%%

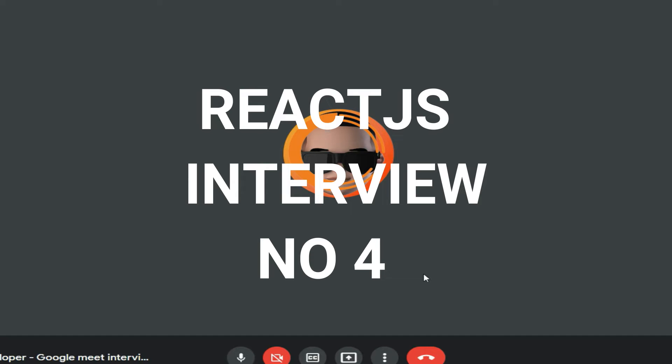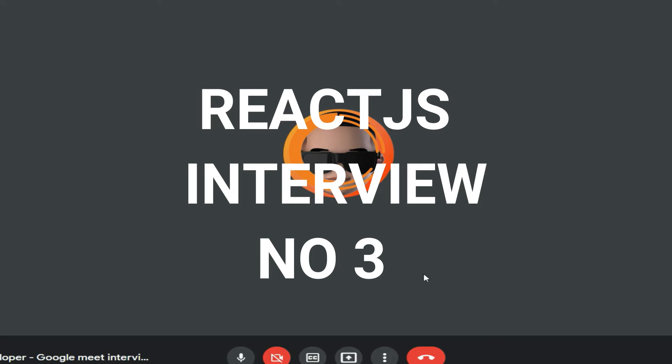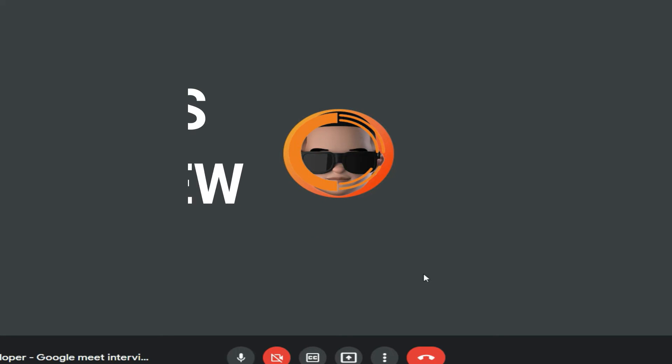Interviewer: Do you use useState and useEffect hooks? Candidate: Yes. Interviewer: Tell me why you use useEffect and useState. Candidate: For useState, we initialize a value — for example, const [visible, setVisible] = useState(10) — initializing visible to 10, and then with setVisible we can change it. For useEffect, it helps in adding lifecycle methods like componentDidMount and componentDidUpdate in functional components.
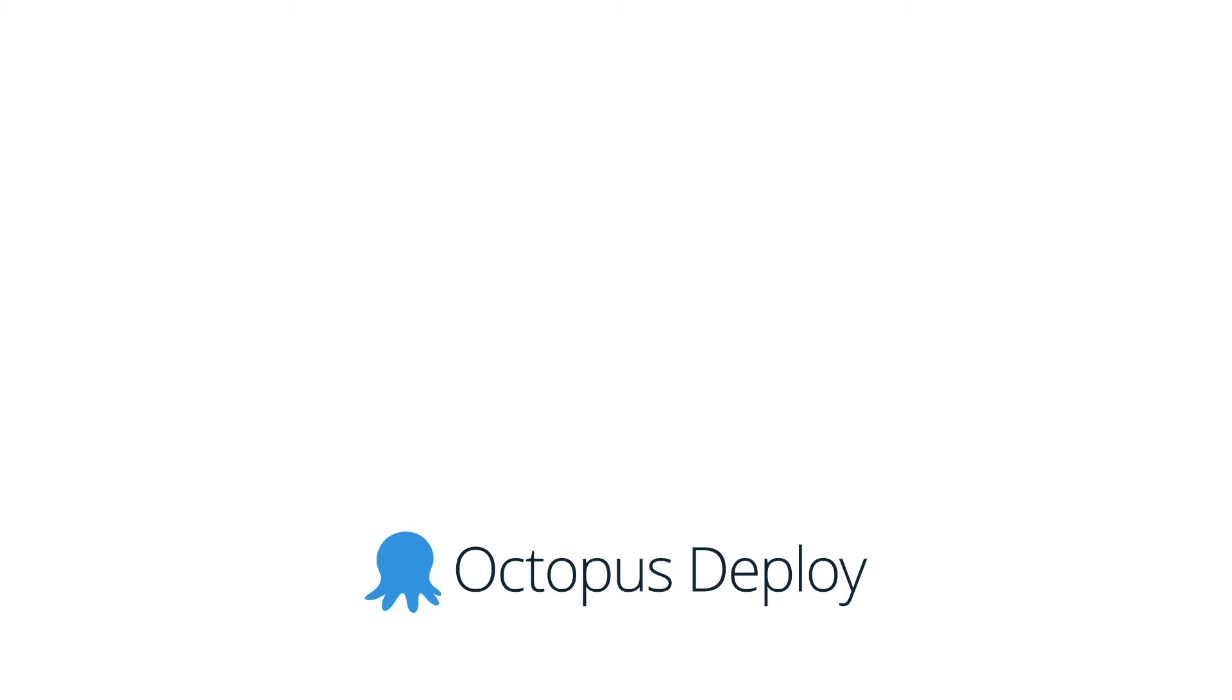Hi there, it's Rob from Octopus. Welcome to Octopus Deploy 2019.1. This is our first release of 2019 and it's a big one.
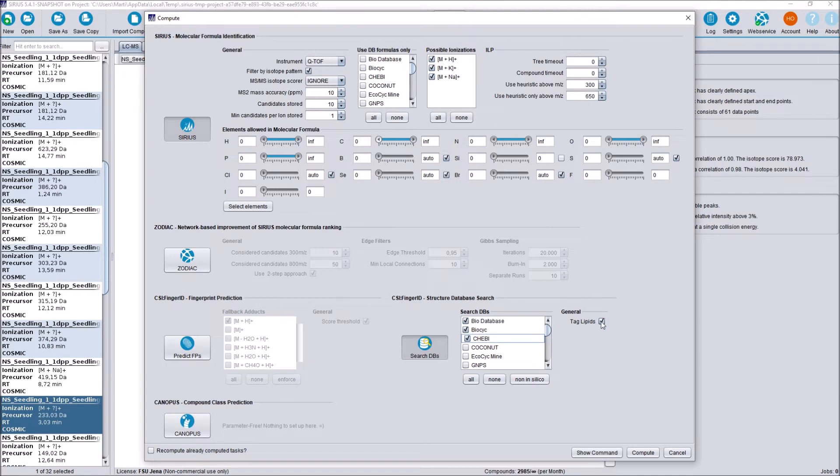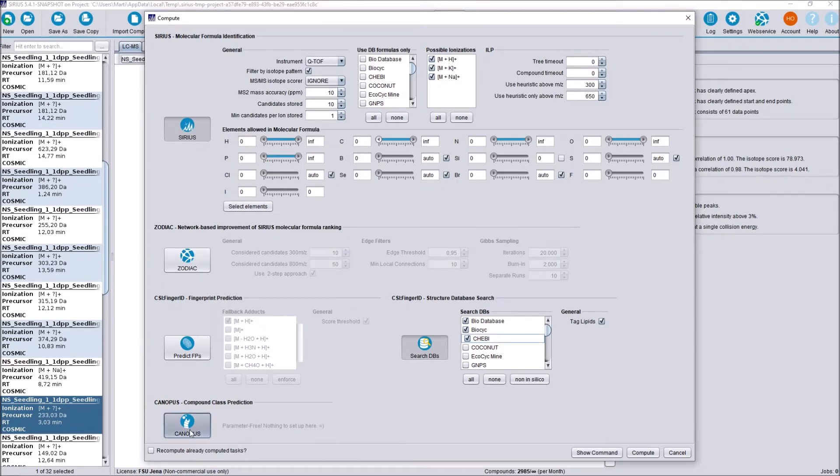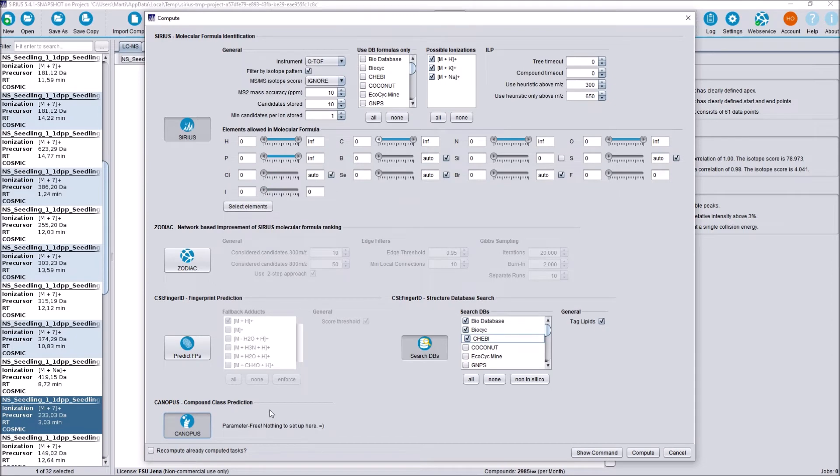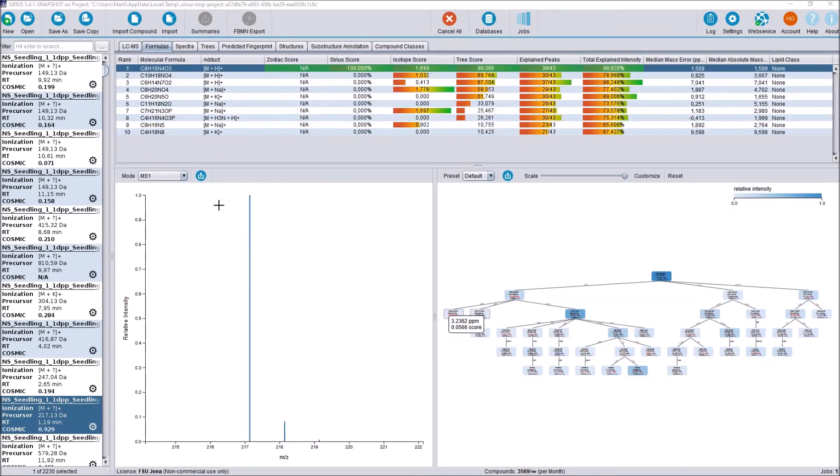We also have the tagged lipids here, which is a checkbox I will go over in more detail once we go to the lipid annotation part. Then we also enable CANOPUS. As usual, there are also no changes here.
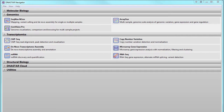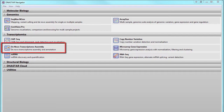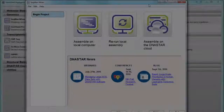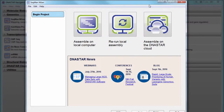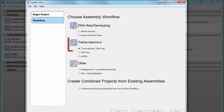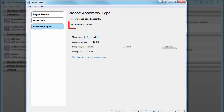To get started with DeNovo Transcriptome Assembly and Auto Annotation in LaserGene, select DeNovo Transcriptome Assembly from the DNA Star Navigator. You can also start by setting up a new assembly in SeqMan Engine, selecting Transcriptome as your workflow, and specifying DeNovo Assembly as the assembly type.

%%

**What this task involves**
Please return exactly the lines above, from where the listing starts to the line holding "We also have", inclusive, with the pictures omitted.

**Solution to this task**
Interviewer: Do you use useState and useEffect hooks? Candidate: Yes. Interviewer: Tell me why you use useEffect and useState. Candidate: For useState, we initialize a value — for example, const [visible, setVisible] = useState(10) — initializing visible to 10, and then with setVisible we can change it. For useEffect, it helps in adding lifecycle methods like componentDidMount and componentDidUpdate in functional components.
Hi there, it's Rob from Octopus. Welcome to Octopus Deploy 2019.1. This is our first release of 2019 and it's a big one.
We also have the tagged lipids here, which is a checkbox I will go over in more detail once we go to the lipid annotation part. Then we also enable CANOPUS. As usual, there are also no changes here.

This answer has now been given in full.